The Life-Career Rainbow

According to Super, a career consists of the varying roles people take on during their lives. The life-career rainbow (or career rainbow model) brings together both the roles played in life (the life space) with the five developmental stages or structures of life (the life span).

Life Space

Super believed that people play several roles during a lifetime, with the work role as one of many. These roles are included in the life-career rainbow in what is called the life space. Life space is captured in the horizontal arches of Super’s rainbow and contains the roles of child, student, leisurite, citizen, worker, and homemaker. Roles can be enacted simultaneously, as when, for example, an individual has an active career, is a parent, and is active in community organizations. Roles that take more time commitment become more central, whereas other roles involving less commitment become more peripheral. People are defined by the central roles they play. As life transitions occur, central and peripheral roles are changed, added, or dropped. For example, the child and student roles become more peripheral as one becomes established with career and family. Similarly, increasing the number of roles in one’s life may mean less commitment to other roles. Roles can also interact, with outcomes in one role affecting outcomes of other roles. Depending on these interactions and the amount of energy and time taken from other roles, the presence of multiple roles may be positive or negative.

Life Span

As noted above, the roles played by a person develop and change throughout the course of a lifetime. The life span, symbolized by the top layer of the life-career rainbow, signifies the developmental structure in which the individual adapts to work. This layer shows a progression of life stages, from childhood to old age, that correspond to Super’s five career development life stages: growth, exploration, establishment, maintenance and disengagement. Each stage comprises several key career tasks that the individual is challenged to master before progressing to the next stage. Vocational or career maturity refers to how well an individual is able to handle these tasks.

Developmental Stages

During the growth stage, ages 4 to 13, the person achieves the initial steps toward career development, which range from simply caring about a vocational future to achieving appropriate attitudes and behaviors toward work. During this stage, children develop their self-concept as they explore their environment and meet important adult role models. If children encounter a sufficient variety of rewarding experiences during this stage, they will develop not only interests, but autonomy, self-esteem, and a sense of the future as well. A lack of rewarding experiences hinders such development. Thus, children may become innovative or conventional, goal-oriented or purposeless as a result of the learning they encounter in this stage. This growth stage contains the three sub-stages: fantasy, interest, and capacity. Children begin to develop by fantasizing through role-plays, they then develop interests by liking certain tasks over others, and finally they begin to consider their abilities in relation to job requirements.
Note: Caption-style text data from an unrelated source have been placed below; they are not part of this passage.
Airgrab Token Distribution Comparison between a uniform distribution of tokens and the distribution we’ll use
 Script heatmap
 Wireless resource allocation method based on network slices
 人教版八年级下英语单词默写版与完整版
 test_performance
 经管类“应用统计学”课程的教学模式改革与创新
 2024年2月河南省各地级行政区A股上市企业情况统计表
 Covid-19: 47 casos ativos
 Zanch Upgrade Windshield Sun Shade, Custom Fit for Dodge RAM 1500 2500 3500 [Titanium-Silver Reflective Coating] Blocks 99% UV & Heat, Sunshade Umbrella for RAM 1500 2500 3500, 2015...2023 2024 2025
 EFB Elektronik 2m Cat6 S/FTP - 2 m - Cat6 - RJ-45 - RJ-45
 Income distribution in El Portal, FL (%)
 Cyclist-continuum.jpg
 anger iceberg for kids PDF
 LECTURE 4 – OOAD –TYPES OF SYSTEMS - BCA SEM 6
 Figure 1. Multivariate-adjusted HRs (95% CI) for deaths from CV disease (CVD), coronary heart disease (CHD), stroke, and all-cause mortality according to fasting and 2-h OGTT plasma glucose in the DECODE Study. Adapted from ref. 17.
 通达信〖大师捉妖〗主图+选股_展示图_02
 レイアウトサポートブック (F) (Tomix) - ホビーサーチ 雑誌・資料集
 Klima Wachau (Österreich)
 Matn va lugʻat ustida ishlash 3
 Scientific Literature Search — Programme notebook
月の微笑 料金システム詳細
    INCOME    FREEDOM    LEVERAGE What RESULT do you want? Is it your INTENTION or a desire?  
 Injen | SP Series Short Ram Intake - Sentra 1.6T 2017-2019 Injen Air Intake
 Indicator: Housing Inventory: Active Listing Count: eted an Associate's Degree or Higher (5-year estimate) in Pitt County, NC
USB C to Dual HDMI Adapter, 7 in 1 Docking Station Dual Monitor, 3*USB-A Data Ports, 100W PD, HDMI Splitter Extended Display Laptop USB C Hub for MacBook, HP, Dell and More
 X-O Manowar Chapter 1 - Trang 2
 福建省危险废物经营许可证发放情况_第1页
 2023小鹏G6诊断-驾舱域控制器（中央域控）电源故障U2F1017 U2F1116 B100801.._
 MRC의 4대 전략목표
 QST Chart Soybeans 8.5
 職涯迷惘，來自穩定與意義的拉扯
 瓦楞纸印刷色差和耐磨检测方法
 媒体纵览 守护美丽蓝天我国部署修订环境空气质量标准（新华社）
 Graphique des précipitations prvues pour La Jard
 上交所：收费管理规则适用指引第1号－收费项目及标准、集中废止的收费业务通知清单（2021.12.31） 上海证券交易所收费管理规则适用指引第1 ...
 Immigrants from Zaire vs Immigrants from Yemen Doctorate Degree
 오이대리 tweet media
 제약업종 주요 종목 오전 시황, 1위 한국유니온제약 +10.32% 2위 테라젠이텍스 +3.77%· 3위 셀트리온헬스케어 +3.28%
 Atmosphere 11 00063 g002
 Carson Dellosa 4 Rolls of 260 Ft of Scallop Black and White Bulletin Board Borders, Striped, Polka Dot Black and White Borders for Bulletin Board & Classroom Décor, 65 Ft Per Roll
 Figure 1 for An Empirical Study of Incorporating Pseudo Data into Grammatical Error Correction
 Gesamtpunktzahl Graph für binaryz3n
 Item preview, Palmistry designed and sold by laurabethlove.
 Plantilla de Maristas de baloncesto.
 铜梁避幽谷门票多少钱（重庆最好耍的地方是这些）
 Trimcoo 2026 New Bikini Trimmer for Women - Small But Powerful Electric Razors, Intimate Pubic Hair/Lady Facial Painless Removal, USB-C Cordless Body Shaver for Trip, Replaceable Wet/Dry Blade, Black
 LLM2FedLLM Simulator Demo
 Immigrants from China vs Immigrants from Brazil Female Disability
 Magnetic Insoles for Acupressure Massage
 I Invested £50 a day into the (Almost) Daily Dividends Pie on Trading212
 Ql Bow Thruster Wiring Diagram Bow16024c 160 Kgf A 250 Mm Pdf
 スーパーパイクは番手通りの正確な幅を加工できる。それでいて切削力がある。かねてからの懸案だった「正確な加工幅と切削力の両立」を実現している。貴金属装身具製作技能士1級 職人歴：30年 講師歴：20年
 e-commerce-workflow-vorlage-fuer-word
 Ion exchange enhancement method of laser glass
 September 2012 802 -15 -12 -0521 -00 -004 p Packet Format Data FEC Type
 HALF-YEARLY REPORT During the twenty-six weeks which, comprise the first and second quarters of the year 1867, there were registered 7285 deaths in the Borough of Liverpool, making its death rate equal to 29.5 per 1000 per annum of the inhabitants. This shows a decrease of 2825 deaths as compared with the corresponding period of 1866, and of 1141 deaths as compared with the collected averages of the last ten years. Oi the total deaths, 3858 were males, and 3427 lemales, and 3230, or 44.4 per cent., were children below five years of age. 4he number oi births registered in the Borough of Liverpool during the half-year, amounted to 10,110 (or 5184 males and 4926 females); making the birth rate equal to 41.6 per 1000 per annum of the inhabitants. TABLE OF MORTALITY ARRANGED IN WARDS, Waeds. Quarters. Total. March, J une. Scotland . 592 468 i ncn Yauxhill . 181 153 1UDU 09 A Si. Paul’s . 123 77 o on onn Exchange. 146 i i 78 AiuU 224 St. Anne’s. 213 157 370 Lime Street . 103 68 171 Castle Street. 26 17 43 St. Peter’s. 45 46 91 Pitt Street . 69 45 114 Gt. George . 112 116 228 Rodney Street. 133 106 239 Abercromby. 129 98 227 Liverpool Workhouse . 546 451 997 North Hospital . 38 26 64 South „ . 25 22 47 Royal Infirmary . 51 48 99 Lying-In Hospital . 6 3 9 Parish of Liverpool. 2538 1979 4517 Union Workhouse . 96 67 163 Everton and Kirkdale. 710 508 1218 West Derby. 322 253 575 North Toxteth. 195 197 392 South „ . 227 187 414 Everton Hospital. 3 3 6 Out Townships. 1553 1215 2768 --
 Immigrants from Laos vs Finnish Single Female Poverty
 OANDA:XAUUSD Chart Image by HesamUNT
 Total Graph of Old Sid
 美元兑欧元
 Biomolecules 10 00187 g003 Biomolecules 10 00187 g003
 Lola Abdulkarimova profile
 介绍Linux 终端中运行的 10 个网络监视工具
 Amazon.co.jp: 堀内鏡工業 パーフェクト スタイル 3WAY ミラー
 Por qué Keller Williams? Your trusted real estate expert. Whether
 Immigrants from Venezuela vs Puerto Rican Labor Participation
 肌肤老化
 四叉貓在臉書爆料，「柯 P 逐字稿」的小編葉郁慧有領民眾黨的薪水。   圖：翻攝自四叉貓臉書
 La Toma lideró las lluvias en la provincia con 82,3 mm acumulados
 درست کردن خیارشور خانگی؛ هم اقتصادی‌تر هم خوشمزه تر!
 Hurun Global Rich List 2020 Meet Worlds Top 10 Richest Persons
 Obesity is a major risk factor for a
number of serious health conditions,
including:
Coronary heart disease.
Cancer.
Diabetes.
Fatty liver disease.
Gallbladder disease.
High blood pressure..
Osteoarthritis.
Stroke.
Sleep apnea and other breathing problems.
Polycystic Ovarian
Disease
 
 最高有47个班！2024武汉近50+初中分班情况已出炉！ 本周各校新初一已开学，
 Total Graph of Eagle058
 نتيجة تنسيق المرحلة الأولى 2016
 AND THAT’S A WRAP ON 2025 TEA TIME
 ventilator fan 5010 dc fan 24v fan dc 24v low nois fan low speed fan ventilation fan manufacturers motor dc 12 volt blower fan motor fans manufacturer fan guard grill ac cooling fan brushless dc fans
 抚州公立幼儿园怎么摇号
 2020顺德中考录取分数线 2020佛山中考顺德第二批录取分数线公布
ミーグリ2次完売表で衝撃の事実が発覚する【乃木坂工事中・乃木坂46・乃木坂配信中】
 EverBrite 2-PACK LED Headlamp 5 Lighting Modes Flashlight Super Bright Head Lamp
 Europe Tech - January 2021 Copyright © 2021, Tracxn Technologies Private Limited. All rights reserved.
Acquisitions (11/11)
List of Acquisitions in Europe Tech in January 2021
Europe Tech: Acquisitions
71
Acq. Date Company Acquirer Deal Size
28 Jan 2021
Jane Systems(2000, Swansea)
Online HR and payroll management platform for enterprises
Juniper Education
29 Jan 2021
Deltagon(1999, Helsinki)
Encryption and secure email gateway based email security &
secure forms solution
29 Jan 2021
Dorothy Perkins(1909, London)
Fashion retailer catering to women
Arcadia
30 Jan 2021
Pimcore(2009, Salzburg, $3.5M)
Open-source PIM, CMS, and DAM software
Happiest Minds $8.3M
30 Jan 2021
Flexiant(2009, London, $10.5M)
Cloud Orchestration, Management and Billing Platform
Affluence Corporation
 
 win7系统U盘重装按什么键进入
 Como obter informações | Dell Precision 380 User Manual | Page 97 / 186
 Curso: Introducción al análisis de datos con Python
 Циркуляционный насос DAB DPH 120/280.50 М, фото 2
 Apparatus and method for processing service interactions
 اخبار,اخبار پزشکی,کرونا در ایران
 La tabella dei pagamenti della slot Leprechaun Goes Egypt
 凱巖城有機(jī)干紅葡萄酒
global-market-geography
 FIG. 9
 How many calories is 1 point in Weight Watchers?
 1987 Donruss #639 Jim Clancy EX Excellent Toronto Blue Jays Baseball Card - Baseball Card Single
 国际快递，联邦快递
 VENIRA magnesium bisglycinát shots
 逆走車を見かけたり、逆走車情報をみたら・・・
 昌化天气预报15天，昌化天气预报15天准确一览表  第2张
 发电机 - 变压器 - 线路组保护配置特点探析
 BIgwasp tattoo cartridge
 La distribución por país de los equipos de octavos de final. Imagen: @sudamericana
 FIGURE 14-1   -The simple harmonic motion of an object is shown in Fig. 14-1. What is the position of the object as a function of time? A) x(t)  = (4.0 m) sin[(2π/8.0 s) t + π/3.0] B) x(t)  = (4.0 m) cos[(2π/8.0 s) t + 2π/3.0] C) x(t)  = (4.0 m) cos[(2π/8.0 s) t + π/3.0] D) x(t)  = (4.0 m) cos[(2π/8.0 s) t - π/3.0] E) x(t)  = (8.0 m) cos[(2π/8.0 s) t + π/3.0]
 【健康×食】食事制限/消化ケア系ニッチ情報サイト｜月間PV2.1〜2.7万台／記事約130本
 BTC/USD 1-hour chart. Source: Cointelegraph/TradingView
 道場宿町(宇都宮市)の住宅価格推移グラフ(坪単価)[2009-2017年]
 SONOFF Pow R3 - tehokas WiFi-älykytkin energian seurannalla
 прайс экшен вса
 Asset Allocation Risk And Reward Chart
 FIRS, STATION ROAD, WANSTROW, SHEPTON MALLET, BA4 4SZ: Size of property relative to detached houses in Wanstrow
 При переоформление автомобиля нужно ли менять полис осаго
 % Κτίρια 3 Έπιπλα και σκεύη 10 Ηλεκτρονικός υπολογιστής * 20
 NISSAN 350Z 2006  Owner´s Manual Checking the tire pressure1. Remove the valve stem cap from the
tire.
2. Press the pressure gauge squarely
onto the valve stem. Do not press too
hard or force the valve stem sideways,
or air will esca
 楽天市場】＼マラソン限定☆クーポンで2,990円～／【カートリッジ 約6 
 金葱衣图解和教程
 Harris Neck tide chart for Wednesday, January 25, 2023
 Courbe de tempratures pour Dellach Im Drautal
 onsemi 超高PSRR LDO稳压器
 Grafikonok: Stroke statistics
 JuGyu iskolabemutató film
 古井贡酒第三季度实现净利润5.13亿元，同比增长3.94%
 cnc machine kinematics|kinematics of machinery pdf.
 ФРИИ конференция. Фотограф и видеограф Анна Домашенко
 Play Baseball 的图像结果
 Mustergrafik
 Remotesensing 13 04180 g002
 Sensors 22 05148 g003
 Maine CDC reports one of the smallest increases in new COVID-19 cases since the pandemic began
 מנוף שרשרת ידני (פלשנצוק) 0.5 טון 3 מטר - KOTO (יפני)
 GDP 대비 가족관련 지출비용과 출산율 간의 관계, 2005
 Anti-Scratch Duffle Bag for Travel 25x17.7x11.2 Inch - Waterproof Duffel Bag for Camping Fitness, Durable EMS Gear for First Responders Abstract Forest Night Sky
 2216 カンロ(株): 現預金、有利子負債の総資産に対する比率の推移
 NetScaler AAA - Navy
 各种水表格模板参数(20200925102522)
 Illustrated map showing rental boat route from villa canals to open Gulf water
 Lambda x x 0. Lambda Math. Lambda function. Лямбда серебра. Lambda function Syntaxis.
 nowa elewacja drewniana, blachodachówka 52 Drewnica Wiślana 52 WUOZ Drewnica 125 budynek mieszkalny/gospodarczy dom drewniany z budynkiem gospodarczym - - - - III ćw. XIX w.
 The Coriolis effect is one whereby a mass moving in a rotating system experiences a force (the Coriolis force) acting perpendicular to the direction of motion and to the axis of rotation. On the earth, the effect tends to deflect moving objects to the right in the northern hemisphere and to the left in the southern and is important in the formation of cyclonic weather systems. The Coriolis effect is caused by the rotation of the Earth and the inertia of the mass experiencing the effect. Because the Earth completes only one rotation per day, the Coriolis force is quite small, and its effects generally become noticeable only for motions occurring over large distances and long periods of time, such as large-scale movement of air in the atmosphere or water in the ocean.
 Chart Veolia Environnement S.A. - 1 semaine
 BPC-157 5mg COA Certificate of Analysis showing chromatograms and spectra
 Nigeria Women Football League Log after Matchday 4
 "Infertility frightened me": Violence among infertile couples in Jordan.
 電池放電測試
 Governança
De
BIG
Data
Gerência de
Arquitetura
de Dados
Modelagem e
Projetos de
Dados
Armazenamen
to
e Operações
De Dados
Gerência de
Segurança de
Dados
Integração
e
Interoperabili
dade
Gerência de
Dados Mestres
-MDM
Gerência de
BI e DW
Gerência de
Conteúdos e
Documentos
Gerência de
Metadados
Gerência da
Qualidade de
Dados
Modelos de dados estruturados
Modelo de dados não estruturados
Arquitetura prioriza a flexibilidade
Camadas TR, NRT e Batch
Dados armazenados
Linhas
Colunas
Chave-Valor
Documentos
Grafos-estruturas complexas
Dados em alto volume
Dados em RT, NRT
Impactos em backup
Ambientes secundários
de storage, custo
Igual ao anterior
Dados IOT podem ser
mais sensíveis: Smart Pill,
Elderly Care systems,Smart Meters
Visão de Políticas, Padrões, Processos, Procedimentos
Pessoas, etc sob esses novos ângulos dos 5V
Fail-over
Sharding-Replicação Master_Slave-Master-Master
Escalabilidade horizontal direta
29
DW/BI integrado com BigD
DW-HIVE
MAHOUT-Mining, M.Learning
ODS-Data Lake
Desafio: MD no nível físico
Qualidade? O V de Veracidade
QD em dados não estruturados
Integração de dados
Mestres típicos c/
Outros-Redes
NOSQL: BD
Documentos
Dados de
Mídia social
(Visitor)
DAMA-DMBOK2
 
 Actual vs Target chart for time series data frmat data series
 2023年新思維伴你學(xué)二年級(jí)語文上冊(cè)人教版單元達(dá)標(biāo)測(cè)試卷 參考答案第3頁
In the next stage, exploration, which occurs between the ages of 14 and 24, the developmental tasks are to narrow vocational interests in order to make a vocational choice. Open exploration becomes focused, allowing individuals to enact their private views of themselves into a career choice or educational decision. For example, adolescents begin trying out various part-time jobs, and students declare a major in college that is consistent with their interests. During this stage, one may choose a career early without examining other options; such foreclosure may lead to later vocational discontentment. The exploration stage contains the substages of tentative, transition, and trial. Individuals tentatively form decisions in regards to their needs, interests, and abilities and then encounter transition as they move into the reality of the world of work; finally individuals enter a field of work and test the job for its appropriateness, given their needs and abilities.

Once a suitable field of work is chosen, the person enters the establishment stage, ages 25 to 44, in which the salient tasks are to keep and advance in the job. This is done by becoming part of the organizational culture, demonstrating adequate job performance, and getting along with one’s colleagues. Success in these tasks then may allow the individual to advance within his or her career.

During the maintenance stage, ages 45-65, individuals face the tasks of maintaining their place at work in the face of changes and competition from younger, more eager and educated workers. This may involve gaining new skills and becoming more aware of current trends; without doing so, one may experience stagnation in one’s career.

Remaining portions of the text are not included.